Material shown:
—————
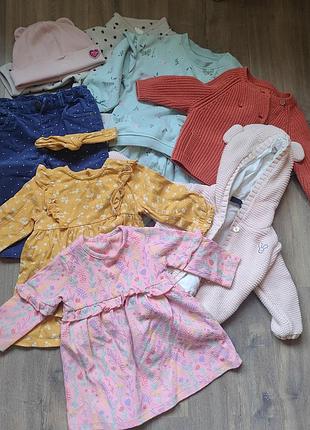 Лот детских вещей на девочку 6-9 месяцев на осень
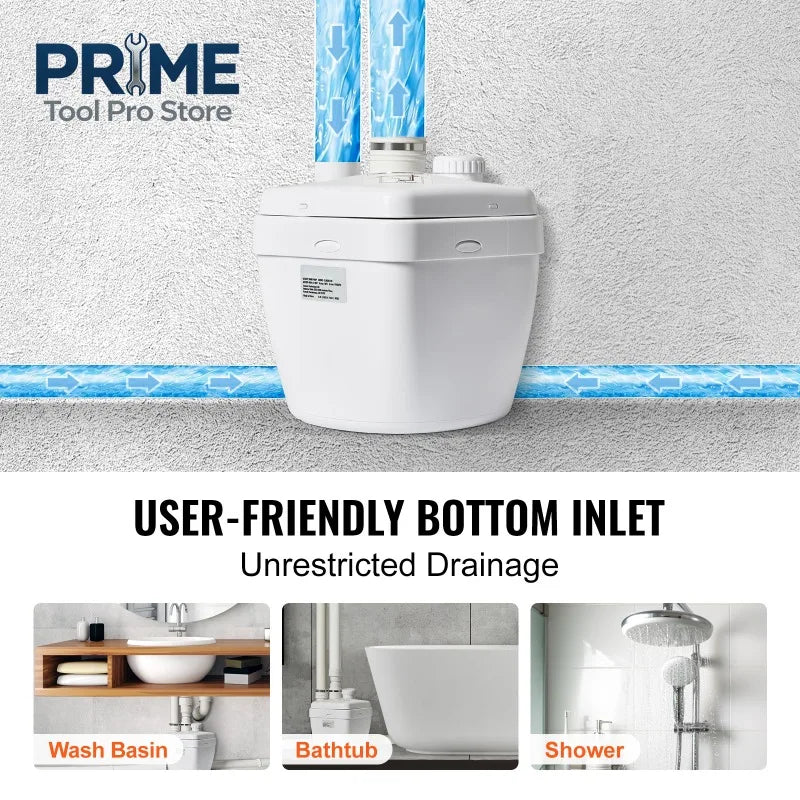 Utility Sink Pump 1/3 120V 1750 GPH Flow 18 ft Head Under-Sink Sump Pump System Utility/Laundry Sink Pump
—————
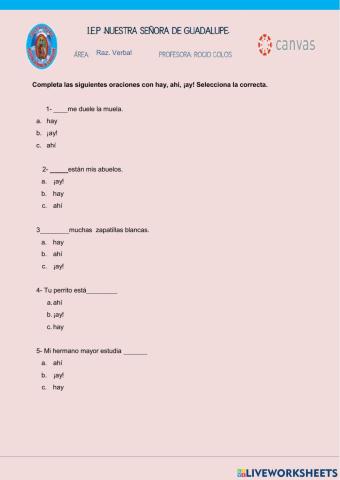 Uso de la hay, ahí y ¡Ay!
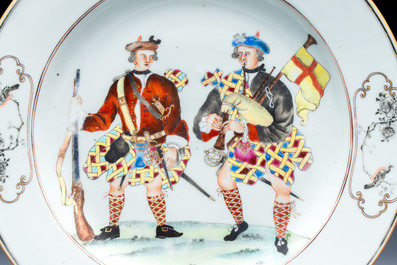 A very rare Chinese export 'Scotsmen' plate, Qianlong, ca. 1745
—————
Assignment:
Reproduce the listing above exactly from the line containing "Лот детских вещей" up to and including the line containing "Utility Sink Pump", omitting any images and everything outside those lines.

Expected output:
 Лот детских вещей на девочку 6-9 месяцев на осень
 Utility Sink Pump 1/3 120V 1750 GPH Flow 18 ft Head Under-Sink Sump Pump System Utility/Laundry Sink Pump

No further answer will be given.